Obama made his number one answer the Earned Income Tax Credit, or EITC:

It starts with just making sure that if people are working they get an adequate income.

So the earned income tax credit, expanding that so that low-wage workers are lifted out of poverty, if they are committed to working. That I think is the best anti-poverty program we can have.

Wrong, Senator Obama.

Money conditional on low-wage work subsidizes the worst jobs and the worst employers in our economy.

Ensure that no one needs to work for $7 an hour to survive, and there won't be any $7 an hour jobs– there will be better-paying jobs, and more empowering jobs, doing things that are more productive for an economy.

And if big employers refuse to pay living wages even if no one will show up for less, and replace every minimum wage worker with more computerized machines, if people have money to spend on one another, everyone able to work will have the opportunity to make a living meeting one another's needs.

Just a little thought about justice and practical economic solutions become much clearer.

Currently, the fact of inequality itself generates an unjust situation that pushes toward more inequality. Without wealth, one has less opportunity to invest in one's own skills and connections and far less bargaining power to hold out for a fairer deal. Understanding this and taxing wealth – which has much less of a negative incentive on economically productive activities than taxing income or spending – with immediate redistribution of taxed wealth to all people, not to government programs, could ensure not only that no one lives in poverty, but that the cause poverty is addressed.

The root cause of low wages is lack of power— a lack of power to demand fairer compensation, a lack of power to change our life situation to obtain more rewarding work, a lack of power to make a living doing things that benefit our own community directly (rather than filtered through a system that rewards the wealthy at the expense of everyone else).

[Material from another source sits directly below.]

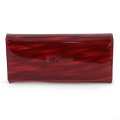 Голямо дамско портмоне, от лачена естествена кожа, в червен цвят. КОД: JXG0807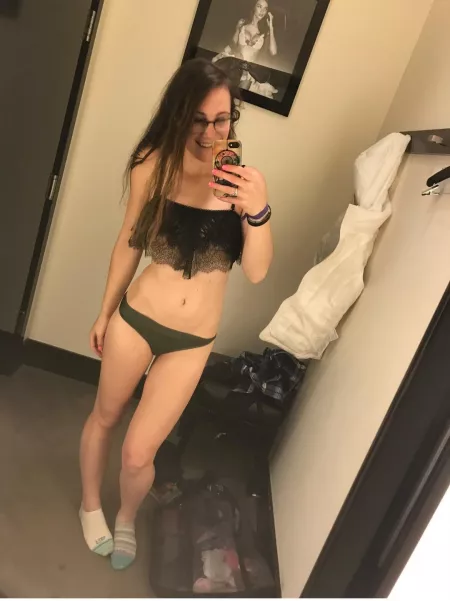 First post! Picking up a new Victoria’s Secret set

The Earned Income Tax Credit – as important as it is in mitigating poverty, and as much better as it is as an incentive and a sense of worth than being paid to not work – fundamentally increases the power of those who already have too much power over the people they hire, the larger employers that tend to pay low wages on the legal job market (as opposed to small businesses more likely to be "under the table"). A true anti-poverty program increases the power of people to control their own lives.